# Which immigration route should we take?



## Überling (Mar 18, 2021)

My fiancé and I are planning to retire to Spain, probably around the Valencia area, within the next year or two. We currently live in the US. I am a US citizen and she is a German citizen with a green card (which she is willing to surrender if necessary). It sounds like we have two good options available to us: First, I have the means to purchase a property to acquire the Golden Visa option. Second, since my fiancé is a EU citizen, we could settle in Spain after we marry. Which path would be the easiest or more advantageous for us to pursue? Any potential pitfalls to be aware of?

Thanks!


----------



## xabiaxica (Jun 23, 2009)

Überling said:


> My fiancé and I are planning to retire to Spain, probably around the Valencia area, within the next year or two. We currently live in the US. I am a US citizen and she is a German citizen with a green card (which she is willing to surrender if necessary). It sounds like we have two good options available to us: First, I have the means to purchase a property to acquire the Golden Visa option. Second, since my fiancé is a EU citizen, we could settle in Spain after we marry. Which path would be the easiest or more advantageous for us to pursue? Any potential pitfalls to be aware of?
> 
> Thanks!


If you're planning to marry anyway, do so before moving.

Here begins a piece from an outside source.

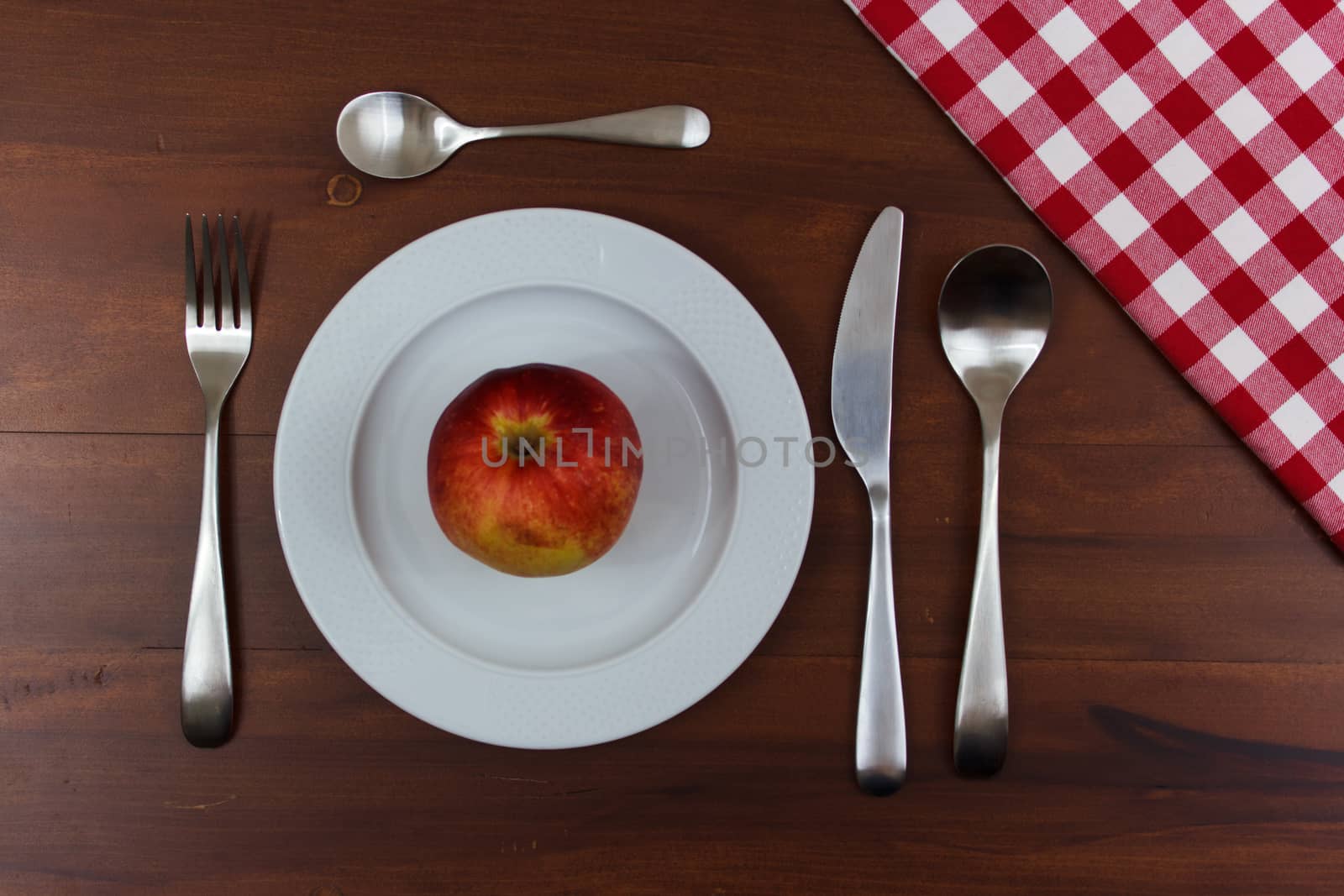 apple on a white plate by goghy73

That way your fiancee can move to Spain as an EU citizen exercising treaty rights, you can come with her & apply to remain as her spouse. She registers her residency immediately, & you have to apply within 90 days of arrival. 

It sounds as if the financial requirements - low compared to the requirements for a 3rd country citizen visa anyway - would be no problem to you at all. 

Doing it that way, you would have the same rights to live & work in Spain as she does.


----------



## Überling (Mar 18, 2021)

xabiaxica said:


> If you're planning to marry anyway, do so before moving.
> 
> That way your fiancee can move to Spain as an EU citizen exercising treaty rights, you can come with her & apply to remain as her spouse. She registers her residency immediately, & you have to apply within 90 days of arrival.
> 
> ...


That sounds like the better option. It seemed like buying a place before know if you can get a golden visa could be a little risky. Thanks.


----------